DETROIT: Pickup trucks may have led the charge, but strong sales of small cars in July showed demand for new vehicles is broad — and not slowing down.
Car sales grew in the first six months of this year, but not at the blistering pace of trucks and SUVs. Through June, full-size pickups were up 22.5 percent over the year before, while cars were up just 5 percent.
Last month, car sales took off. General Motors’ car sales jumped 24 percent. Sales of the Honda Civic small car were up 30 percent to 32,416, their best July in 13 years. Sales of the recently redesigned Ford Fiesta subcompact jumped 89 percent, while the Toyota Prius hybrid was up 40 percent.

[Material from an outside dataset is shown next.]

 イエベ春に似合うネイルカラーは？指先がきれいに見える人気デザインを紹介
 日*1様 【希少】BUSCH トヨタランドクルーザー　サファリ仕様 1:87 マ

Part of the small car surge was seasonal. Small cars always sell better in the summer and then taper off as winter approaches. But it’s also an indication of the high level of demand from regular consumers, not just the contractors and other small businesses that helped fuel the truck boom.
GM, Ford, Chrysler, Toyota and Nissan all reported double-digit sales gains last month. Honda led the way with a 21 percent sales increase. Of major automakers, only Volkswagen had a down month. Its sales were off 3.3 percent as the top-selling Jetta compact faltered.
Industry sales rose 14 percent over last July to 1.3 million, according to Autodata Corp. On an annualized basis, the sales pace slowed slightly from June to 15.7 million. But that was still better than the annualized rate of 14 million from a year ago.
The industry’s numbers for July come a day after the U.S. government reported stronger than expected growth for the April-June quarter. The consulting firm LMC Automotive said the improving economy could push this year’s sales to around 16 million.
Sales last topped 16 million in 2007, just ahead of the recession. They bottomed out at a 30-year low of 10.4 million in 2009, and have been recovering ever since.
The average sale price of a vehicle last month held steady at just over $31,000, according to the car buying site TrueCar.com.
Sales details included:
• GM said its July U.S. sales rose 16 percent to 234,071. Sales of the Chevrolet Silverado and GMC Sierra pickups combined rose 46 percent. Roughly 15 percent of the trucks sold were the new versions, which went on sale in June. Sales of the Cruze small car from Lordstown jumped 70 percent.
• Ford sold 193,715 vehicles. Ford’s 11-percent increase was led by the F-Series pickup, with sales up 23 percent. Ford Fusion sedan sales dropped 12 percent as the company struggled to meet demand with its current production capacity. But Ford said more Fusions will be available this fall after it adds a shift to a Michigan plant.